Problem requirements:
When you copy the data, keep every word exactly as it is and leave the pictures out.

Stored data:
------------------------------------------------------------
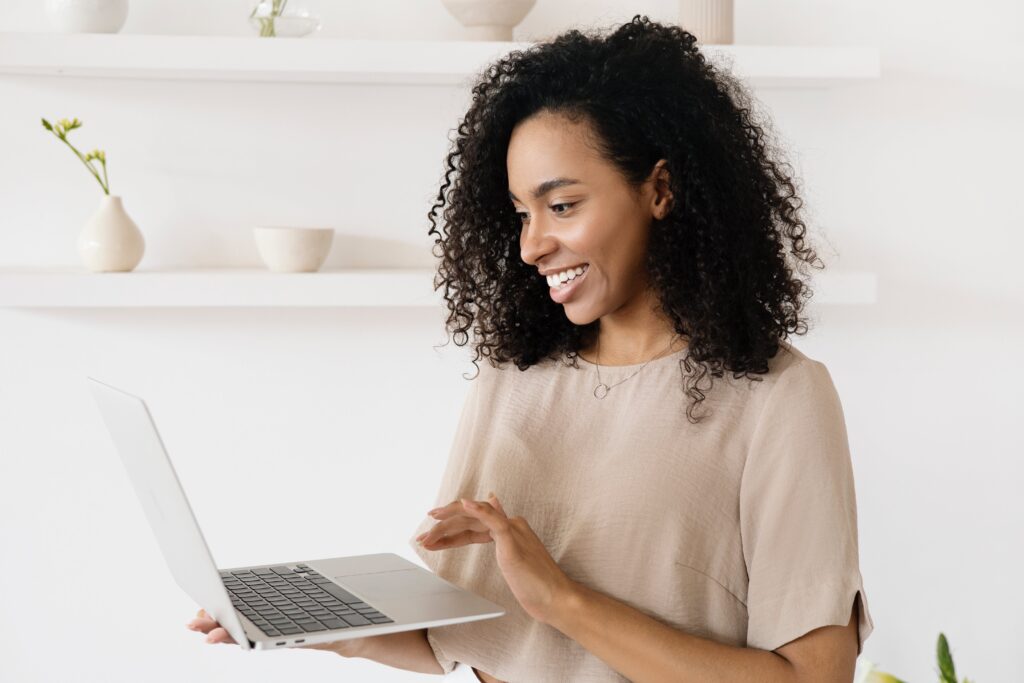 a-woman-using-a-laptop-smiling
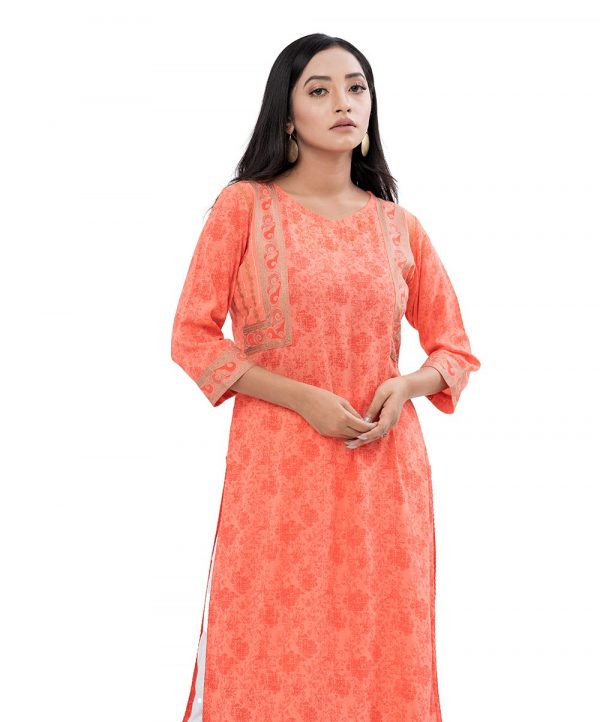 Orange all-over printed Straight-cut Kameez in Georgette fabric. Features a V-neck and three-quarter sleeves. Embellished with karchupi at the top front.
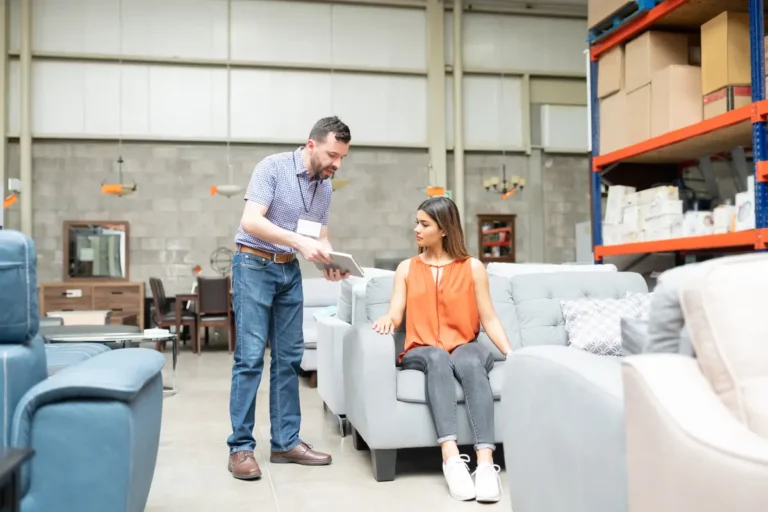 business wholesale furniture warehouse employee servicing a client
------------------------------------------------------------
Response to this exercise:
 a-woman-using-a-laptop-smiling
 Orange all-over printed Straight-cut Kameez in Georgette fabric. Features a V-neck and three-quarter sleeves. Embellished with karchupi at the top front.
 business wholesale furniture warehouse employee servicing a client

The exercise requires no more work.